MIDDLETOWN — The city’s downtown corridor could soon be host to a new United Dairy Farmers gas station and convenience store, according to local officials.
Planning Director Marty Kohler said UDF has filed paperwork to construct a 4,224 square foot building with 10 fuel pumps at the intersection of Manchester Avenue and Verity Parkway, where the Salvation Army once stood.
“We’ve been working with them for at least four years to make this happen, but we just couldn’t find the right location,” Kohler said. “They were able to get an option to purchase the former Salvation Army site, but it all hinges on them getting zoning approval.”
The company’s total investment will be somewhere in the neighborhood of $3 million, with the new location employing somewhere between 15 and 20 employees, said Tim Kling, director of real estate for UDF.
The new UDF store is expected to come before Middletown Planning Commission on May 12 for conditional use approval as gas stations are not automatically permitted in the city’s urban core zone. Should commission members approve it, legislation granting the conditional use would then come before City Council as emergency legislation in early June, Kohler said.
“We’re asking for emergency, especially since we’ll have already gone through a public hearing approval on Planning Commission,” Kohler said.
Tim Kling, director of real estate for UDF, said the company’s existing downtown facility is “one of our smaller ones,” though he added it continues to see a significant amount of traffic.
“We’ve always liked the downtown area and have managed to do good business even with the smaller store,” Kling said. “We feel the gas component will be supported because of the amount of traffic on Verity Parkway.”
Kling did not have a firm date for the store to open, but said with construction likely getting underway late this year he would like to see it open prior to summer 2011.

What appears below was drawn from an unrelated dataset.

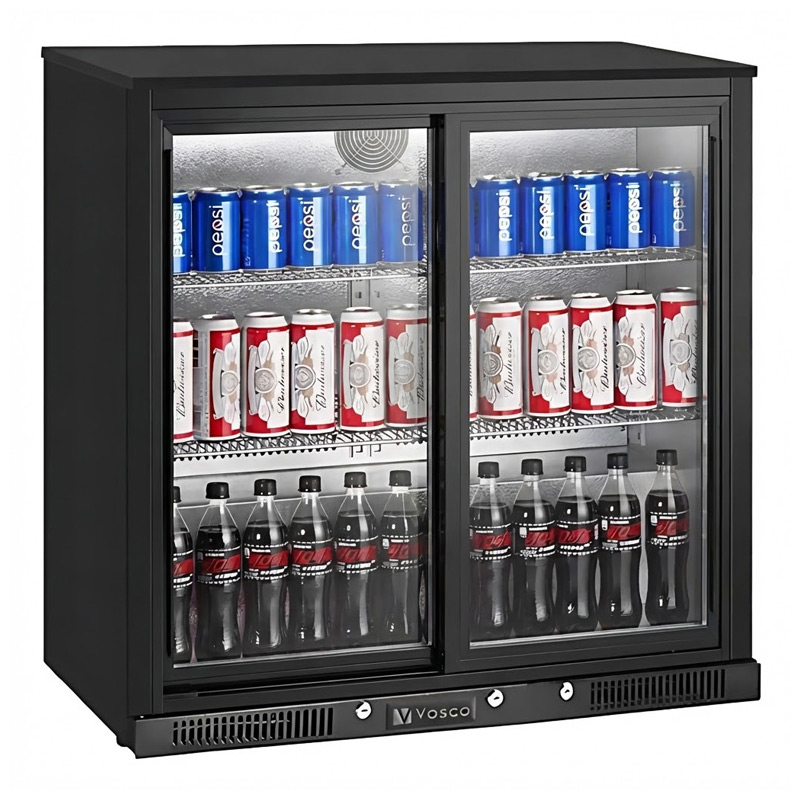 Vosco VBBC-250S Çift Sürgü Kapılı Bar Arkası Şişe Soğutucu Dolap - 1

Economic Development Director Mike Robinette said this project is a prime example of why demolishing “functionally obsolete or abandoned” buildings in the downtown area will be a successful venture for the city.
“When businesses like this are interested in coming in, we have options available for them to do that,” Robinette said. “If the property that had been on this site was still there, it probably changes the whole economics in terms of trying to do a project like this there.”
The new UDF development will give the city’s downtown corridor two major redevelopment projects at either end of Central Avenue, with a similar gas station and convenience store combination planned for the intersection of Central Avenue and University Boulevard.